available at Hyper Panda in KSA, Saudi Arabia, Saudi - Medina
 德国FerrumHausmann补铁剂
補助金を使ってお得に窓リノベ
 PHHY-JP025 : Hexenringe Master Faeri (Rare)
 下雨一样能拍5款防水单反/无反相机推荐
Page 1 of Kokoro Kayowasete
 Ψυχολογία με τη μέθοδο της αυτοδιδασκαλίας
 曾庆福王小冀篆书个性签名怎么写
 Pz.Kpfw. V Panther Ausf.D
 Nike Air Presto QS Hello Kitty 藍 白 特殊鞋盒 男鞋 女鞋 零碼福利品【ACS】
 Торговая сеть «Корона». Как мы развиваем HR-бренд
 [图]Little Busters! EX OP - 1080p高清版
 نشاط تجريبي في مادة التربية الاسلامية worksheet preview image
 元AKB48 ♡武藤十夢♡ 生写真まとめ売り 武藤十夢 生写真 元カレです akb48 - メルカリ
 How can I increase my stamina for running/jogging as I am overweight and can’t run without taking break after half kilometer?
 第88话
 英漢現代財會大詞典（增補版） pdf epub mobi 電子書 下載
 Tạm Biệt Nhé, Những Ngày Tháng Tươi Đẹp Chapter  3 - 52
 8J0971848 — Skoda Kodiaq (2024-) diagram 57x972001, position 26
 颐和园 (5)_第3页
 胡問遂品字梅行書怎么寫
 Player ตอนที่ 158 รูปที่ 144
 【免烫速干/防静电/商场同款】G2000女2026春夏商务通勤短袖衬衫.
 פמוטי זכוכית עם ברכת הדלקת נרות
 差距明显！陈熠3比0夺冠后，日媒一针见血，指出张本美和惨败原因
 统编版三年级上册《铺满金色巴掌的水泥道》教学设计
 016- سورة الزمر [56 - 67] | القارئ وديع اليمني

○ ○ ○

• _What is required_: Beginning at the line above that contains "نشاط تجريبي في", return each line exactly through the line that contains "Tạm Biệt Nhé, Những", and no others.

• _Exercise solution_:
 نشاط تجريبي في مادة التربية الاسلامية worksheet preview image
 元AKB48 ♡武藤十夢♡ 生写真まとめ売り 武藤十夢 生写真 元カレです akb48 - メルカリ
 How can I increase my stamina for running/jogging as I am overweight and can’t run without taking break after half kilometer?
 第88话
 英漢現代財會大詞典（增補版） pdf epub mobi 電子書 下載
 Tạm Biệt Nhé, Những Ngày Tháng Tươi Đẹp Chapter  3 - 52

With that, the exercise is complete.